A bird, a canyon, a day of wonder and sorrow
I was traveling out west in March 2008 with fiddler Jane Rothfield and guitarist Max Cohen and we visited the Grand Canyon. It was a beautiful day, clear, glorious and and majestic, with ravens soaring overhead as we walked the trail at the canyon’s edge. It was also a sad day because my father was dying in Florida. As we left Hermit’s Rest, one raven landed in our midst. Fixing me with a beady eye, the bird whuffled its throat feathers in and out, clacked its beak and seemed to speak to me particularly. We were enthralled – I even snapped this photo.
The long moment ended; the raven took flight. Stunned, we just stood, silent and then piled into the car. Just as we left, the call came through.
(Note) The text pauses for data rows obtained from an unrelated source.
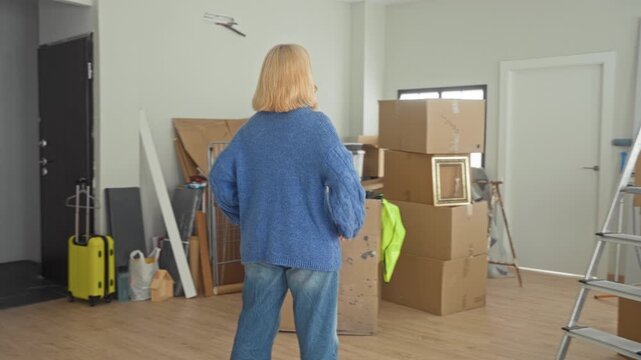 Woman in blue sweater with hands on hips beside stacked moving boxes in building; packing determination.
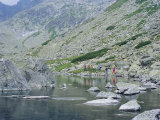 Hikers Walking Along Batizovske Pleso (Lake) in Vysoke Tatry Mountains  Presov Region  Slovakia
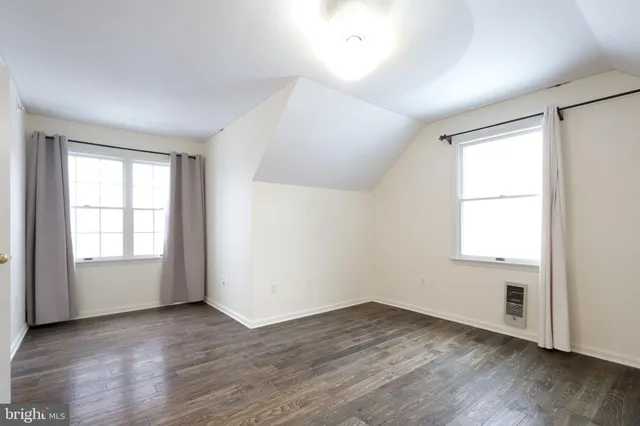 a front view of a house with a yard covered in snow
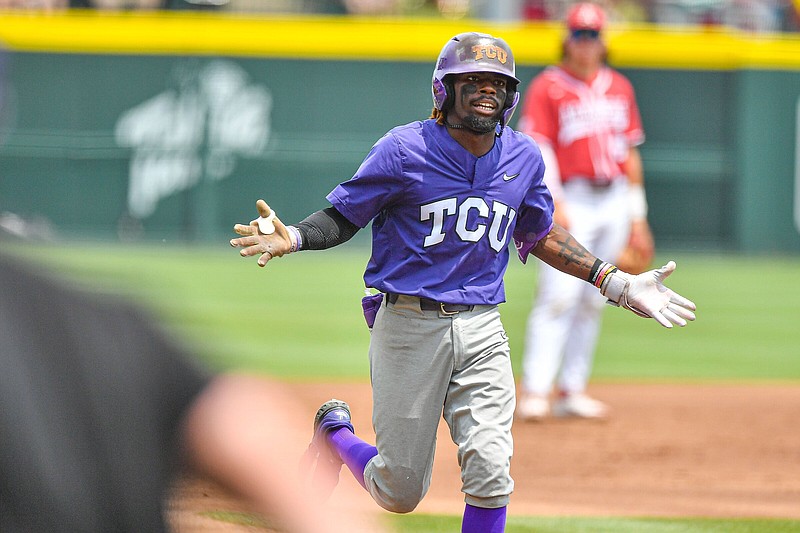 TCU second baseman Tre Richardson (0) celebrates after hitting a grand slam, Sunday, June 4, 2023, during the first inning of the Arkansas Razorbacks’ game against TCU in the second round of the NCAA Fayetteville Regional at Baum-Walker Stadium in Fayetteville. Visit nwaonline.com/photo for today's photo gallery..(NWA Democrat-Gazette/Hank Layton)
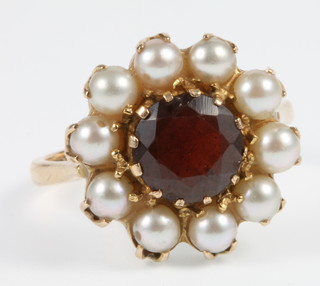 A 9ct gold garnet and pearl cluster ring, size O 1/2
It was my brother and my father had passed just as the raven spoke to us. Several weeks later, in memory of my dad, Rodger E. Hinds, I wrote a slow air with Max Cohen and called it “Raven’s Wing.”
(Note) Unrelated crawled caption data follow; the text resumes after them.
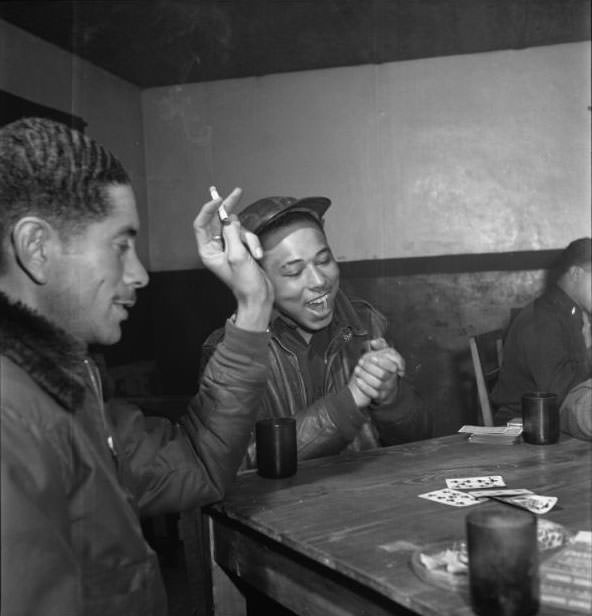 Tuskegee airmen playing cards in the officers' club in the evening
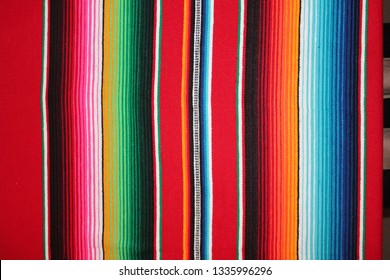 Mexican Cinco De Mayo Poncho Mexico Serape Background Backdrop Dia De Los Muertos Mexican Falsa Blanket Rug Sarape Fiesta Traditional With Stripes Copy Space Backdrop - Stock Photo Photograph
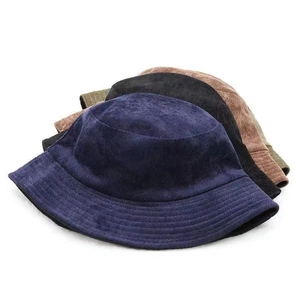 Detailed stack of corduroy bucket hats in navy blue, black, brown, and olive green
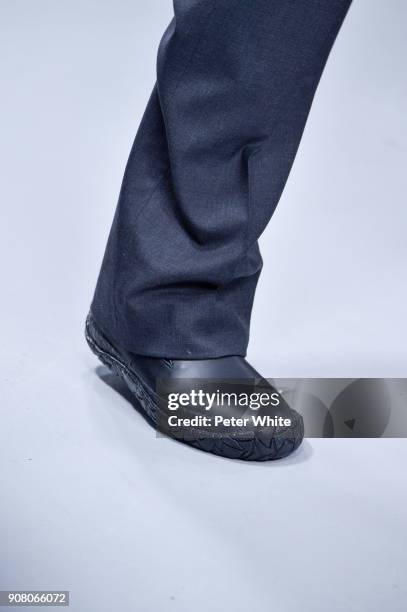 Model, shoe detail, walks the runway during the Issey Miyake Men Menswear Fall/Winter 2018-2019 show as part of Paris Fashion Week on January 18,...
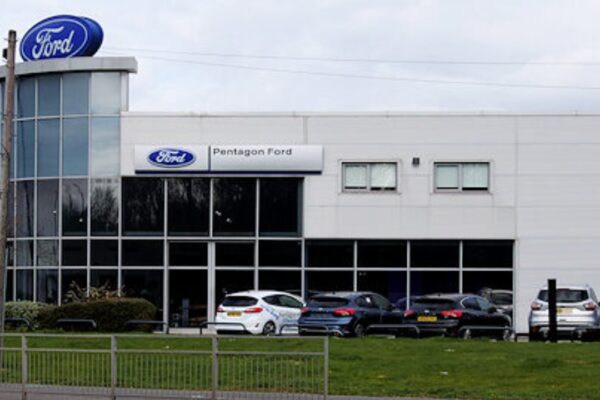 Image Credit: Pentagon Ford Dealership by David Dixon, CC BY-SA 2.0/Wiki Commons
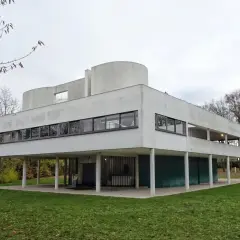 Casa de cristal y acero, un ícono del movimiento moderno arquitectura, con líneas limpias y grandes ventanales sobre pilotes.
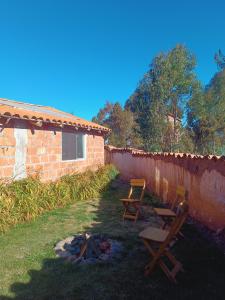 two chairs and a fire pit next to a brick building at Refugio tierra viva in Cusco +7 photos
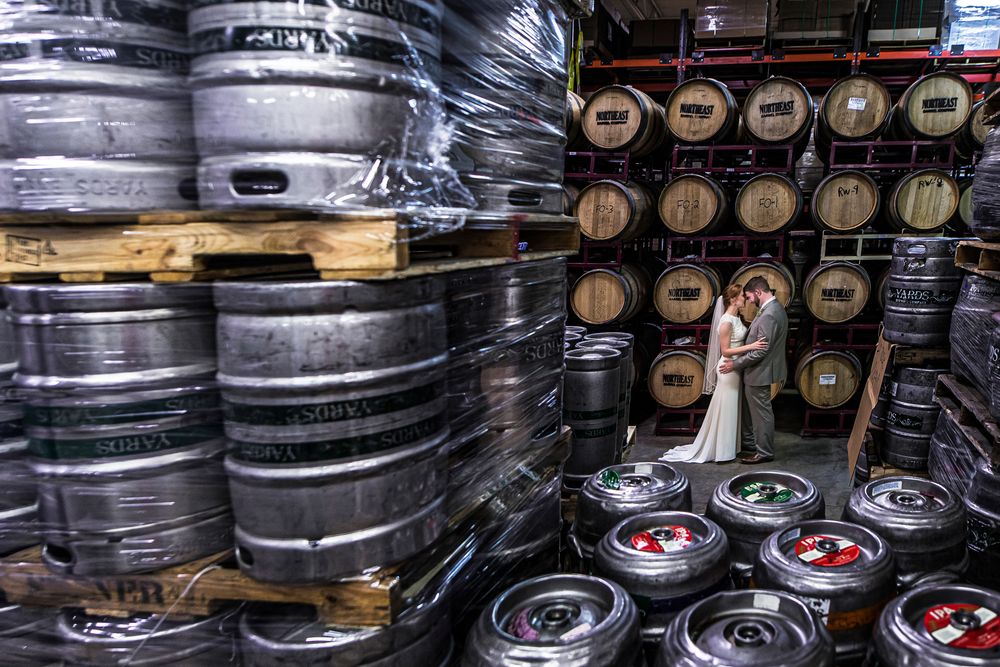 Rows of metal beer kegs stacked in a brewery warehouse with wooden barrels visible in the background.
The story has even more layers. Upon hearing the about the bird and listening to the music, my mother told me about my father’s World War II airborne unit, the Ravens (301st Bombardment Group, Army Air Corps). This was new to me, as was the the photo of his insignia with three ravens on a blue background. Their newsletter is even called “The Raven.”
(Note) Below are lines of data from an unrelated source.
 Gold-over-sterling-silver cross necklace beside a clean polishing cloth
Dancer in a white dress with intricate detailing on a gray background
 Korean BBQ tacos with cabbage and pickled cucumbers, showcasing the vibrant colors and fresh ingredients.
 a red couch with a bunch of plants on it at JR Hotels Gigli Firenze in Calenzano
As the years go by, a raven often visits in the yard. Not a crow, much bigger. Not the same raven, of course, but I greet him as if we were related. Who really knows?
Max and I play this tune at the Fiddlers Summit in Shepherdstown WV in 2010.
Mother’s Day 2014: Impromptu jam on “Raven’s Wing” at La Grande Rencontre. Cathedral del Gesu, Montreal. With Bruce Molsky, Pierre Schryer, Quinn Bachand and Robin Bulliaume.